Elavon Exec: Beyond Bleak Chip-Prep Numbers, 20% of Some Merchants’ Transactions Already Are EMV
With just 17 business days to go before the Oct. 1 EMV liability shift goes into effect, less than 20 percent of all U.S. merchants are ready to process chip cards, while slightly more than 30 percent of all payment cards in consumers’ wallets currently contain the EMV chip, according to industry estimates. But those bleak numbers are somewhat misleading, according to Ian Drysdale, executive vice president of sales and business development, North America, for U.S. Bank’s Elavon.

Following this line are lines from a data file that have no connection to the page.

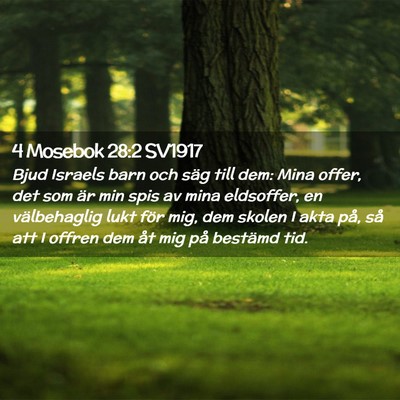 Picture 02 - 4 Mosebok 28:2 SV1917 - Bjud Israels barn och säg till dem: Mina offer, - Bible Verse Picture
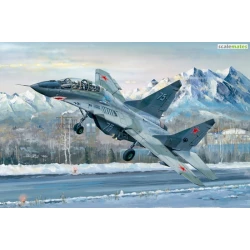 Russian MiG-29 UB Fulcrum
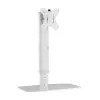 Techly ICA-LCD 260 Monitorhalterung / Ständer 68,6 cm (27 Zoll) Schreibtisch Weiß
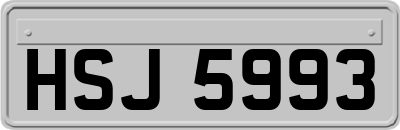 HSJ5993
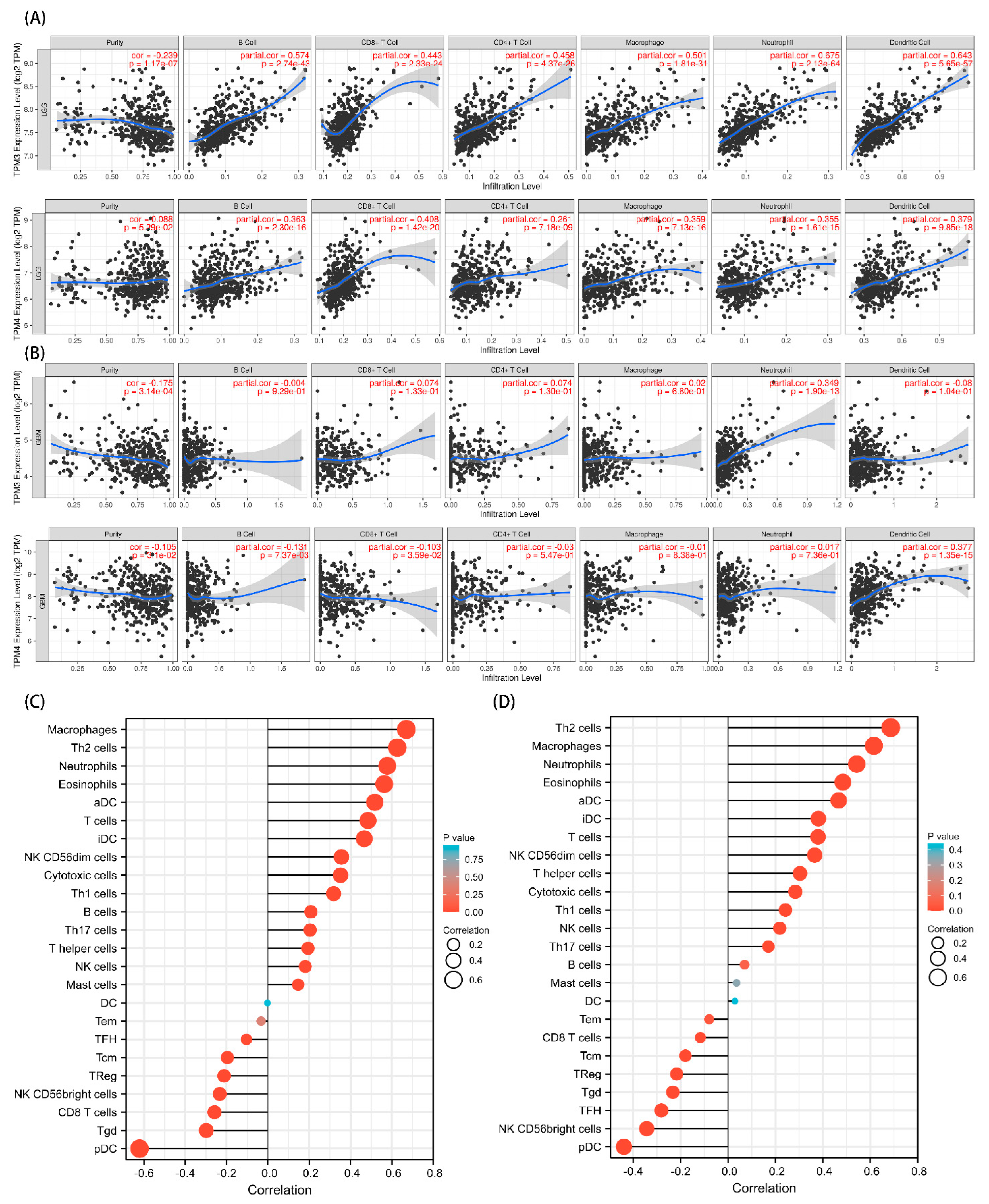 Biology 11 01115 g011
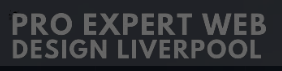 Top Pro Web Design Liverpool Expert Logo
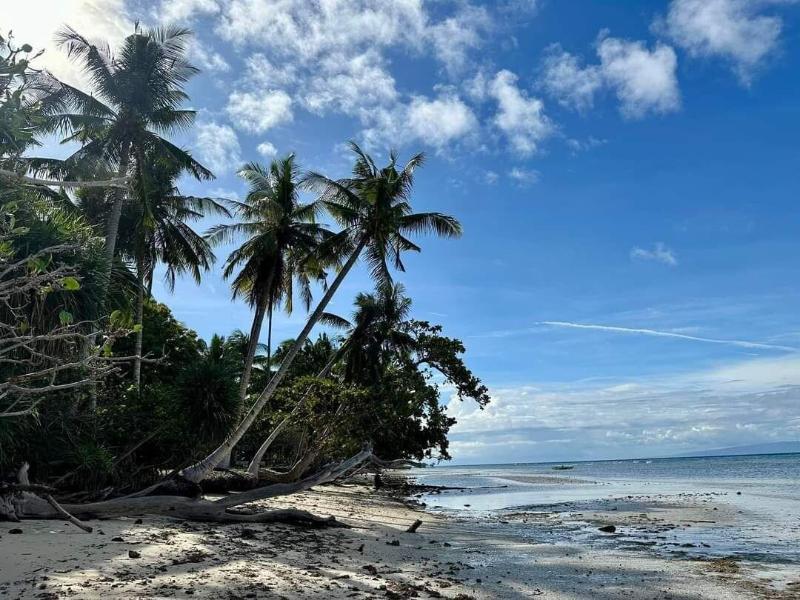 Kalachuchi Beach Resort image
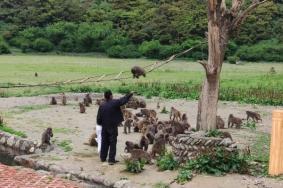 林则生态文化旅游景区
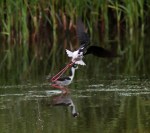 Stilt Takeoff From Marsh&nbsp;Pond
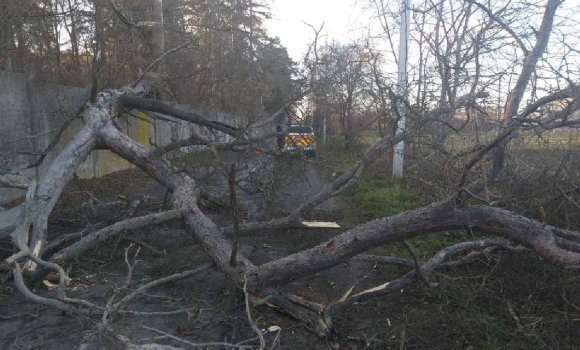 На Вінниччині рятувальники прибрали повалені вітром дерева з автошляхів.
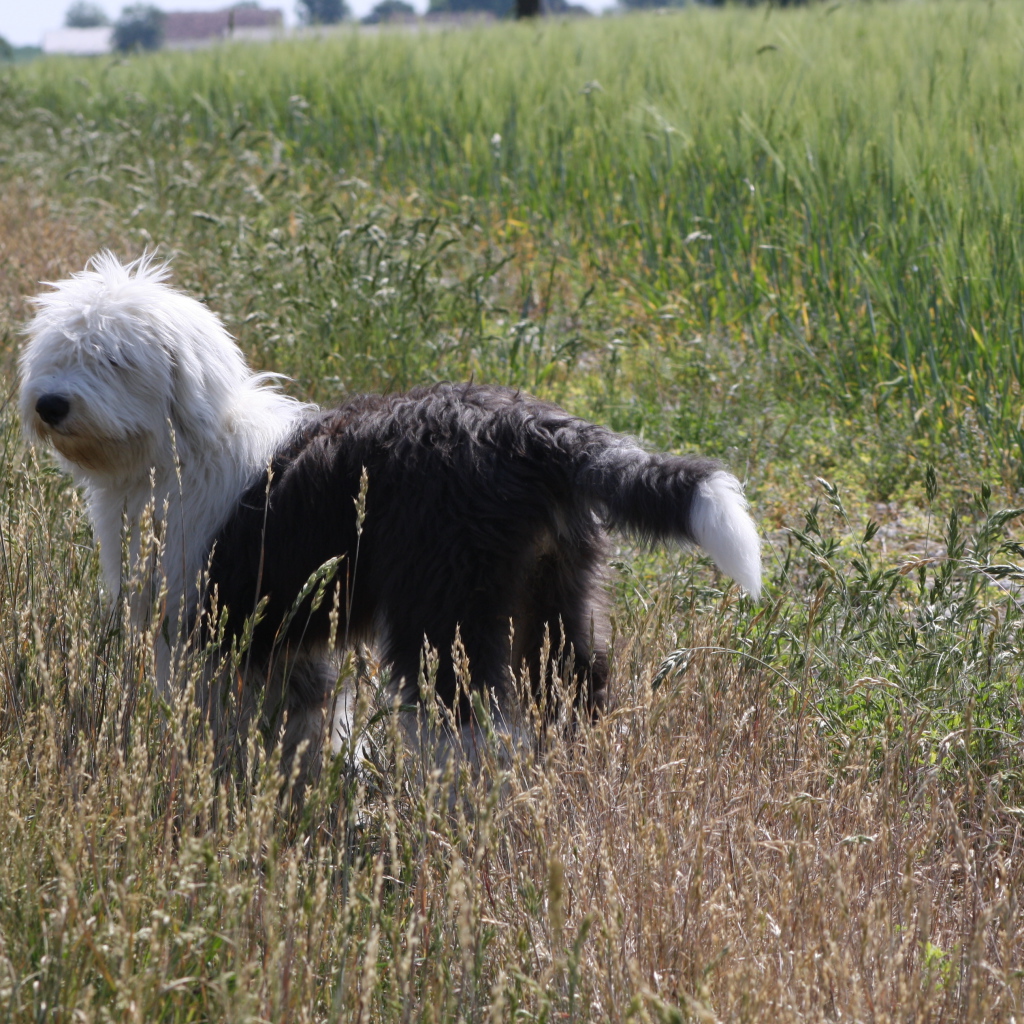 Собака породы бобтейл стоит в поле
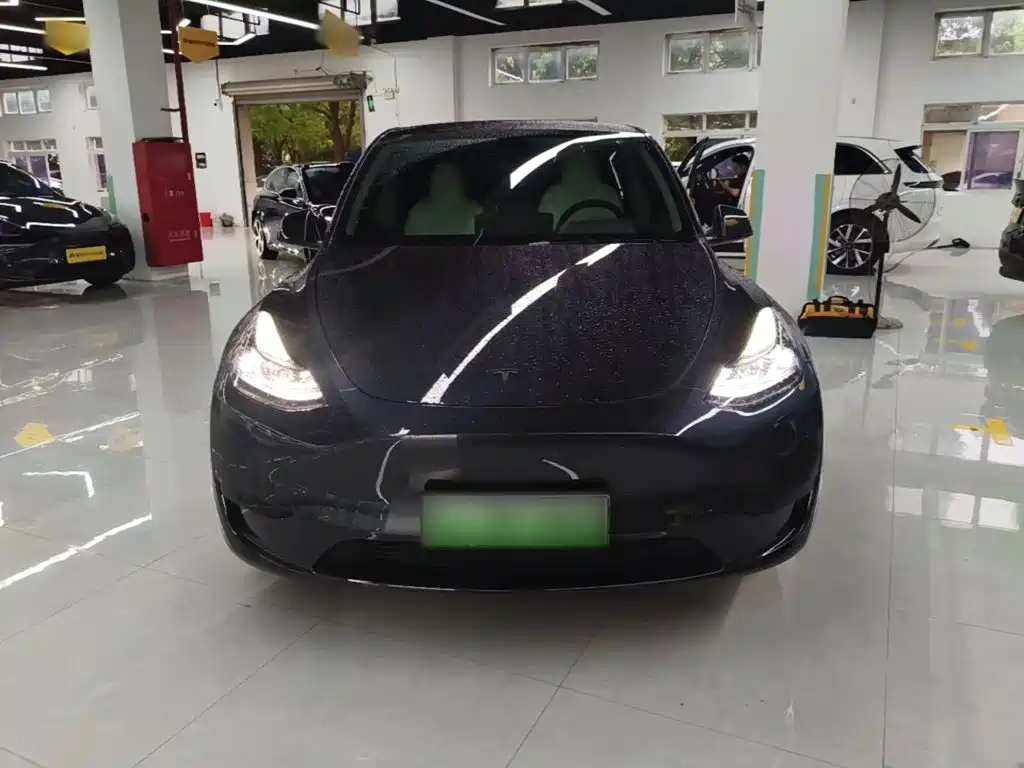 Tesla Model Y — миниатюра 3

“A big chunk of the largest and the smallest merchants are ready, and it’s just a matter of time before merchants in between finish the complex steps needed to integrate and certify their terminals to be ready,” Drysdale notes. Elavon, the No. 2 U.S. card processor in total number of merchants—with 750,000 end user merchants—already is seeing chip cards account for as many as 20 percent of all transactions at POS terminals for some merchants. “We’re seeing a huge shift at the POS as a trio of motivators including EMV, NFC and Apple Pay all push merchants to change,” he says. Elavon estimates that half of its small-business, terminal-based merchant clients will be EMV-ready by Oct. 1, 2015, and every new POS unit the company sells is NFC-ready. MasterCard says it expects 47 percent of all U.S. payment terminals to be EMV-ready by Dec. 31, 2015.
|We’re seeing a huge shift at the POS as a trio of motivators including EMV, NFC and Apple Pay all push merchants to change.”
—Ian Drysdale, Elavon
“It’s quite simple: Mag-stripe cards are as easy to duplicate as the old music cassette tapes, and after Oct. 1, merchants will be liable for counterfeit transactions on those cards, so those in higher-risk businesses, with higher-ticket transactions, have moved first,” Drysdale explains. U.S. merchants had a little over three years to prepare for the liability shift, which Drysdale admits was a tight window.
What Exactly Is Taking so Long?
“EMV certification, required for each merchant’s terminals by each payments network, can be very time-consuming, especially for retailers with multiple locations that tend to have a lot of customized systems,” Drysdale observes. “There will be an extremely long tail to the EMV migration and even though the numbers don’t show it yet, there’s a tremendous amount of progress.”
Drysdale doesn’t rule out “bumps in the road” ahead, but he believes EMV migration is only part of the revolution at the POS in the next year. Elavon soon will begin to sell hardware-based encryption services to small and midsize merchants looking to minimize data security risks. “Our message to merchants is: Use this opportunity to be ready for the future. Be ready for those millennials and the high net-worth people who have Apple Pay, and embrace encryption, because you can’t be responsible for data you never had.”